The best picture contender is receiving the full Harvey Weinstein treatment, with the Weinstein Company chief clearly viewing the biopic about Alan Turing’s code-breaking prowess as his ticket to the Oscars this time around.
All that care paid off during Thanksgiving weekend, as “The Imitation Game” picked up the year’s second-highest per-screen average, behind only that of “The Grand Budapest Hotel.”
“We’ll follow the pattern laid out with ‘The King’s Speech,’ ‘The Artist’ and pictures like that and move slowly and deliberately,” said Erik Lomis, distribution chief for the Weinstein Company.
The film earned $482,000 in just four New York and Los Angeles theaters for a per-screen average of $120,518. That’s actually better than the $72,590 that “The Artist” averaged and the $88,863 that “The King’s Speech” averaged when they debuted on the same number of screens.
“Few distributors are better at nurturing Oscar contenders than the Weinstein Company,” said Phil Contrino, vice president and chief analyst at BoxOffice.com. “They’re masters at starting slow and making sure they build momentum.”
Of course, films including “The Master” also put up big per-screen averages at first only to be met with indifference when they expanded beyond urban areas. It’s a strategy that can backfire.
With “The Imitation Game,” there will be time available to let word of mouth intensify. The slow but steady expansion will see “The Imitation Game” add six markets and between 25 and 30 theaters on Dec. 12. It will go nationwide in between 600 and 800 theaters on Christmas Day.
“The Imitation Game” has benefited from glossy magazine spreads in New York and the New York Times Magazine, as well as a cover story in Time tied to its “genius issue.”
The presence of Benedict Cumberbatch, the star of the BBC’s “Sherlock” who has bloomed into an unlikely sex symbol, has also helped broaden the film’s appeal. The English actor hasn’t had a bigscreen hit to call his own after last year’s Julian Assange examination, “The Fifth Estate,” crumbled at multiplexes, but he’s got an avid fanbase of women and gay men, who may find Cumberbatch’s latest prickly genius more to their liking.

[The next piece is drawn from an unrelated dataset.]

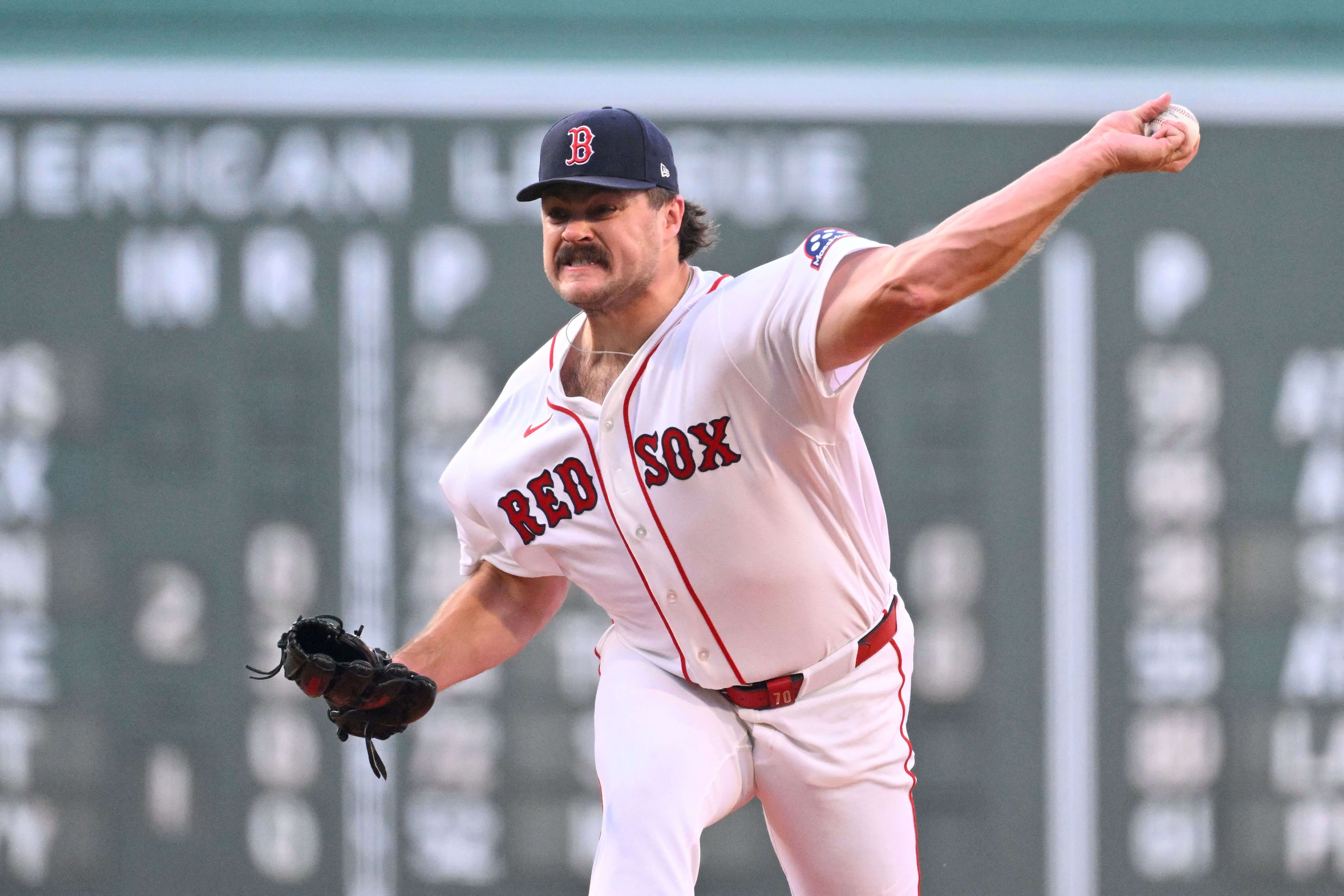 Payton Tolle Boston Red Sox MLB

“Benedict brings a lot to the table,” said Lomis. “This isn’t just a movie that plays old. I’m not saying it plays young, but it plays younger, and that will increase as word of mouth builds.”
Twelve percent of the “Imitation Game’s” opening crowd was under 25 years old, 32% was between 25 and 44 and 56% was 45 and up. It was a group that was 52% female and highly educated, with 84% boasting a college diploma.

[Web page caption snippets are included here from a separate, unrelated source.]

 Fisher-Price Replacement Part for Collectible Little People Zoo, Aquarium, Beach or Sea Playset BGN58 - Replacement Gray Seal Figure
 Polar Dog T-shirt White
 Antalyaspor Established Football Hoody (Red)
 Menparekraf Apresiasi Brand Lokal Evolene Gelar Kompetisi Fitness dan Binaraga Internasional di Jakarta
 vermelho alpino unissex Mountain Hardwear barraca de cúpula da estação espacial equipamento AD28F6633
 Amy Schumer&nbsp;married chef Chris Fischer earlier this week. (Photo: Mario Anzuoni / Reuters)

Its success is notable, because with the exceptions of “Boyhood,” “Birdman,” “St. Vincent” and “Grand Budapest Hotel,” the year has lacked arthouse hits. The change of seasons could help.
“This is the time of year when adults want to see Oscar contenders, and this movie has got plenty of buzz,” said Contrino.

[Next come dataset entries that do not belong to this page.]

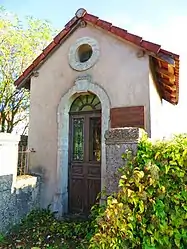 The chapel in Gerbécourt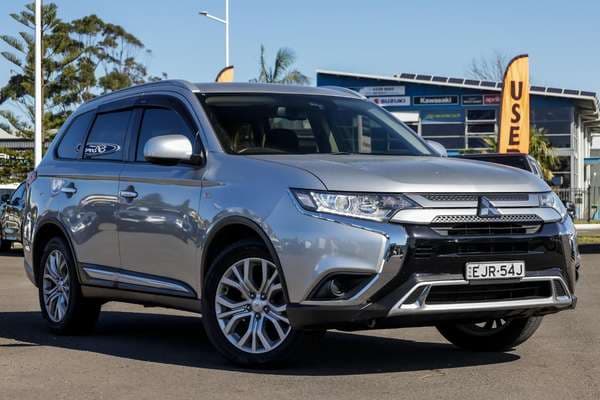 2020 Mitsubishi Outlander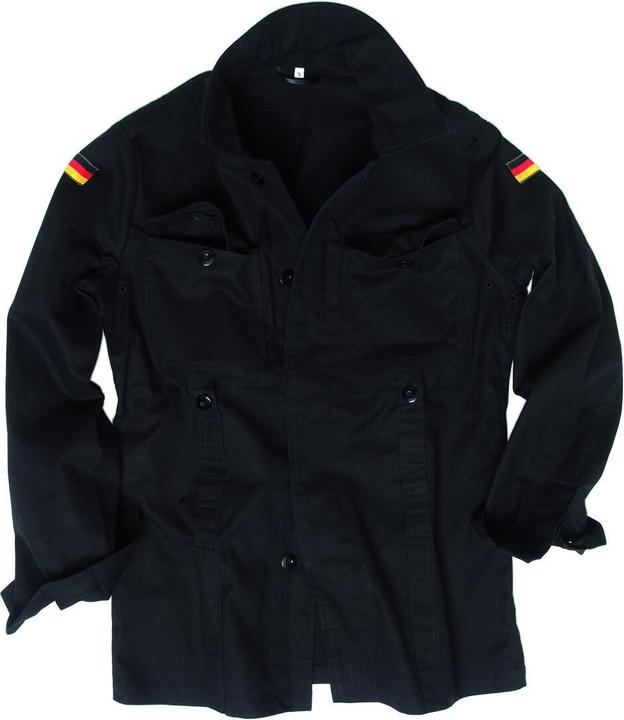 Mil-tec Bw Moleskinjacke A.A.Schwarz 5 (46/48) (M)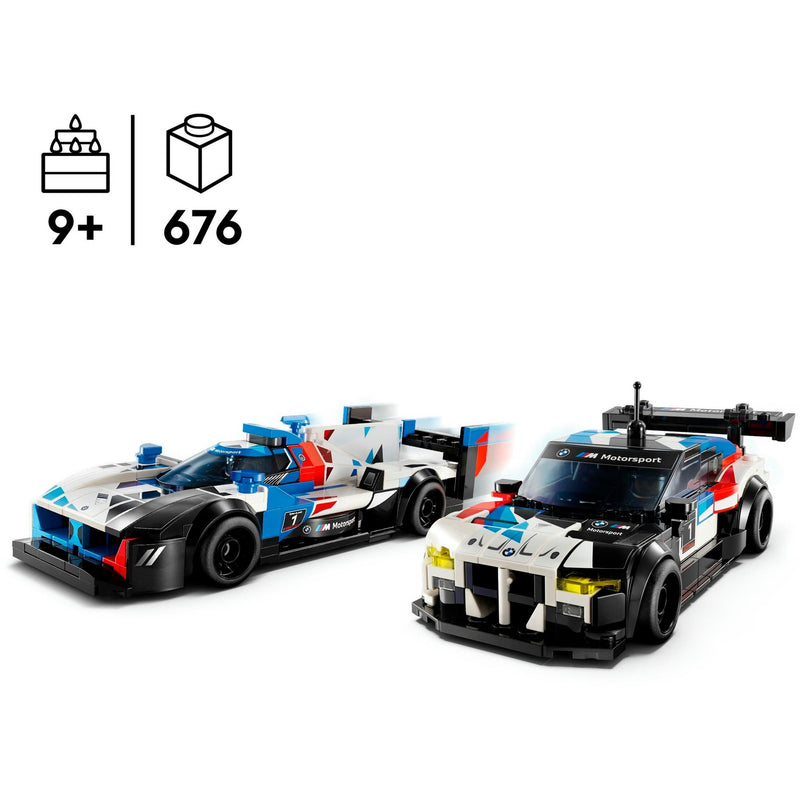 Load image into Gallery viewer, Lego speed champions - bmw m4 gt3 bmw m hybrid v8 racewagens constructiespeelgoed (76922)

Turing’s role in breaking the Nazis’ Enigma code and seminal contributions to computer science are helping the film draw in gadget lovers and Silicon Valley types. The tragic end of his life, which saw him endure a court-ordered chemical castration after he was arrested for homosexual acts, has made him a gay rights martyr — a status that brings in a different audience.
“This is a picture that appeals on many levels,” said Lomis. “It brings in older, sophisticated audiences, and because of the nature of the film, it appeals to tech heads and gay audiences. It has a lot going for it.”